Input records:
======
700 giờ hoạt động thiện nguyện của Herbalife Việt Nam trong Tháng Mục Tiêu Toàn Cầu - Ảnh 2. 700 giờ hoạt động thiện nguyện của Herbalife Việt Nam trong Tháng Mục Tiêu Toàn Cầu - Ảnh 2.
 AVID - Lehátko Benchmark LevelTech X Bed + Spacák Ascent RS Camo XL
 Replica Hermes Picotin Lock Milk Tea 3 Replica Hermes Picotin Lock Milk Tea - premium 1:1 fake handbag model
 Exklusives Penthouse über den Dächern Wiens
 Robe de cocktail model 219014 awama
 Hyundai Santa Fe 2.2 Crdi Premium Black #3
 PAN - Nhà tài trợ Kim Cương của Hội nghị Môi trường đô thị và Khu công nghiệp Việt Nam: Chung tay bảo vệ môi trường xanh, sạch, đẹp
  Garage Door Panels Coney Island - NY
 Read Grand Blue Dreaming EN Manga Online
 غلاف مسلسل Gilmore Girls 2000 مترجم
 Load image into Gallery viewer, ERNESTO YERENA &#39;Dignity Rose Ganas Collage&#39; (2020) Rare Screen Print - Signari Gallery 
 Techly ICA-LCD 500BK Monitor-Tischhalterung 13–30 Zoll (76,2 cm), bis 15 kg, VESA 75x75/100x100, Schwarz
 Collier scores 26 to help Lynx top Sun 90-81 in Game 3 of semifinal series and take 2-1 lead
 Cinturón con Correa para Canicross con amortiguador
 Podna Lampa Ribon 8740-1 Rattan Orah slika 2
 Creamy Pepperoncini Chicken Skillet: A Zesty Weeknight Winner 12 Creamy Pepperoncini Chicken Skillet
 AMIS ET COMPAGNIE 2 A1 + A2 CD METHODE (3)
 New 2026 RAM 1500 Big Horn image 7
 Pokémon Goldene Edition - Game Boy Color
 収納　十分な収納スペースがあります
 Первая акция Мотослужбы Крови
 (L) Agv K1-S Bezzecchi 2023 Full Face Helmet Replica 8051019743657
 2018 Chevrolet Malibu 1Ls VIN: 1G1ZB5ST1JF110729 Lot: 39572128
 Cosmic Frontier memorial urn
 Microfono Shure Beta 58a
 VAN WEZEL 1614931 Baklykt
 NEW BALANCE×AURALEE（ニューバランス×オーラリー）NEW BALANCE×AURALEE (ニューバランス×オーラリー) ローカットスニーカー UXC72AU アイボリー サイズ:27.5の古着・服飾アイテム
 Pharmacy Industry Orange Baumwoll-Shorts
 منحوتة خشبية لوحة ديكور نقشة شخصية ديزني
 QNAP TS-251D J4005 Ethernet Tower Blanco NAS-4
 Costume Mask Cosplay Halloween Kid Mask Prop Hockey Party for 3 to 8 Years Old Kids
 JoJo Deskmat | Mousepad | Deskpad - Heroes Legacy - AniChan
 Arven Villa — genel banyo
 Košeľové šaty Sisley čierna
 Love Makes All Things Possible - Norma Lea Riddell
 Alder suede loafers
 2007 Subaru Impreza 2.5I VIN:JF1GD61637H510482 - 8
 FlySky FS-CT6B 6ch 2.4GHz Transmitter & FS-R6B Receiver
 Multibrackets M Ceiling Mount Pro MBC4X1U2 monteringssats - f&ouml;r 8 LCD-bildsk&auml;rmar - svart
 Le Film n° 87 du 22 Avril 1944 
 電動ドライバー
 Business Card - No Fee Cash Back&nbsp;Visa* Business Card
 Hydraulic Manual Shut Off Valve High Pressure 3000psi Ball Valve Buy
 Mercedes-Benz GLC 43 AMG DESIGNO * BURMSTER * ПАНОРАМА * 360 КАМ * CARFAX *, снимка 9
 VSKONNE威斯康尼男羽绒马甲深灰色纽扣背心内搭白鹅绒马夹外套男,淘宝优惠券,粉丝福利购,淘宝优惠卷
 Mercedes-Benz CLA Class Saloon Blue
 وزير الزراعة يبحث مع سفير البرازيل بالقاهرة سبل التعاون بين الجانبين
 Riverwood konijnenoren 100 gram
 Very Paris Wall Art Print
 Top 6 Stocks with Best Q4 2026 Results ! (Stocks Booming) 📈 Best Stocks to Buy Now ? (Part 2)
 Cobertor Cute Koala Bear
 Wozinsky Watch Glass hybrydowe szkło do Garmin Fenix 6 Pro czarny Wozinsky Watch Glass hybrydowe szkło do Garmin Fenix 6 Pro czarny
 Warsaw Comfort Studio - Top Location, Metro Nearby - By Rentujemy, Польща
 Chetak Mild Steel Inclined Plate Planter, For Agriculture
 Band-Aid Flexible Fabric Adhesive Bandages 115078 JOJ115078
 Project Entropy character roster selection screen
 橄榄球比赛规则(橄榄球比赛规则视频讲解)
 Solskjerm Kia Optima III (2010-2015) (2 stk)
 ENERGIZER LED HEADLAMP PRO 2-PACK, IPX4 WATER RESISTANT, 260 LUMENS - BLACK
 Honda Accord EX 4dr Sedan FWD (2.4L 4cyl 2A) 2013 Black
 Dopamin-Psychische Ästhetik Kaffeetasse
======
Your objective: Go through the listing and transcribe all of it exactly.

Answer to this exercise:
700 giờ hoạt động thiện nguyện của Herbalife Việt Nam trong Tháng Mục Tiêu Toàn Cầu - Ảnh 2. 700 giờ hoạt động thiện nguyện của Herbalife Việt Nam trong Tháng Mục Tiêu Toàn Cầu - Ảnh 2.
 AVID - Lehátko Benchmark LevelTech X Bed + Spacák Ascent RS Camo XL
 Replica Hermes Picotin Lock Milk Tea 3 Replica Hermes Picotin Lock Milk Tea - premium 1:1 fake handbag model
 Exklusives Penthouse über den Dächern Wiens
 Robe de cocktail model 219014 awama
 Hyundai Santa Fe 2.2 Crdi Premium Black #3
 PAN - Nhà tài trợ Kim Cương của Hội nghị Môi trường đô thị và Khu công nghiệp Việt Nam: Chung tay bảo vệ môi trường xanh, sạch, đẹp
  Garage Door Panels Coney Island - NY
 Read Grand Blue Dreaming EN Manga Online
 غلاف مسلسل Gilmore Girls 2000 مترجم
 Load image into Gallery viewer, ERNESTO YERENA &#39;Dignity Rose Ganas Collage&#39; (2020) Rare Screen Print - Signari Gallery 
 Techly ICA-LCD 500BK Monitor-Tischhalterung 13–30 Zoll (76,2 cm), bis 15 kg, VESA 75x75/100x100, Schwarz
 Collier scores 26 to help Lynx top Sun 90-81 in Game 3 of semifinal series and take 2-1 lead
 Cinturón con Correa para Canicross con amortiguador
 Podna Lampa Ribon 8740-1 Rattan Orah slika 2
 Creamy Pepperoncini Chicken Skillet: A Zesty Weeknight Winner 12 Creamy Pepperoncini Chicken Skillet
 AMIS ET COMPAGNIE 2 A1 + A2 CD METHODE (3)
 New 2026 RAM 1500 Big Horn image 7
 Pokémon Goldene Edition - Game Boy Color
 収納　十分な収納スペースがあります
 Первая акция Мотослужбы Крови
 (L) Agv K1-S Bezzecchi 2023 Full Face Helmet Replica 8051019743657
 2018 Chevrolet Malibu 1Ls VIN: 1G1ZB5ST1JF110729 Lot: 39572128
 Cosmic Frontier memorial urn
 Microfono Shure Beta 58a
 VAN WEZEL 1614931 Baklykt
 NEW BALANCE×AURALEE（ニューバランス×オーラリー）NEW BALANCE×AURALEE (ニューバランス×オーラリー) ローカットスニーカー UXC72AU アイボリー サイズ:27.5の古着・服飾アイテム
 Pharmacy Industry Orange Baumwoll-Shorts
 منحوتة خشبية لوحة ديكور نقشة شخصية ديزني
 QNAP TS-251D J4005 Ethernet Tower Blanco NAS-4
 Costume Mask Cosplay Halloween Kid Mask Prop Hockey Party for 3 to 8 Years Old Kids
 JoJo Deskmat | Mousepad | Deskpad - Heroes Legacy - AniChan
 Arven Villa — genel banyo
 Košeľové šaty Sisley čierna
 Love Makes All Things Possible - Norma Lea Riddell
 Alder suede loafers
 2007 Subaru Impreza 2.5I VIN:JF1GD61637H510482 - 8
 FlySky FS-CT6B 6ch 2.4GHz Transmitter & FS-R6B Receiver
 Multibrackets M Ceiling Mount Pro MBC4X1U2 monteringssats - f&ouml;r 8 LCD-bildsk&auml;rmar - svart
 Le Film n° 87 du 22 Avril 1944 
 電動ドライバー
 Business Card - No Fee Cash Back&nbsp;Visa* Business Card
 Hydraulic Manual Shut Off Valve High Pressure 3000psi Ball Valve Buy
 Mercedes-Benz GLC 43 AMG DESIGNO * BURMSTER * ПАНОРАМА * 360 КАМ * CARFAX *, снимка 9
 VSKONNE威斯康尼男羽绒马甲深灰色纽扣背心内搭白鹅绒马夹外套男,淘宝优惠券,粉丝福利购,淘宝优惠卷
 Mercedes-Benz CLA Class Saloon Blue
 وزير الزراعة يبحث مع سفير البرازيل بالقاهرة سبل التعاون بين الجانبين
 Riverwood konijnenoren 100 gram
 Very Paris Wall Art Print
 Top 6 Stocks with Best Q4 2026 Results ! (Stocks Booming) 📈 Best Stocks to Buy Now ? (Part 2)
 Cobertor Cute Koala Bear
 Wozinsky Watch Glass hybrydowe szkło do Garmin Fenix 6 Pro czarny Wozinsky Watch Glass hybrydowe szkło do Garmin Fenix 6 Pro czarny
 Warsaw Comfort Studio - Top Location, Metro Nearby - By Rentujemy, Польща
 Chetak Mild Steel Inclined Plate Planter, For Agriculture
 Band-Aid Flexible Fabric Adhesive Bandages 115078 JOJ115078
 Project Entropy character roster selection screen
 橄榄球比赛规则(橄榄球比赛规则视频讲解)
 Solskjerm Kia Optima III (2010-2015) (2 stk)
 ENERGIZER LED HEADLAMP PRO 2-PACK, IPX4 WATER RESISTANT, 260 LUMENS - BLACK
 Honda Accord EX 4dr Sedan FWD (2.4L 4cyl 2A) 2013 Black
 Dopamin-Psychische Ästhetik Kaffeetasse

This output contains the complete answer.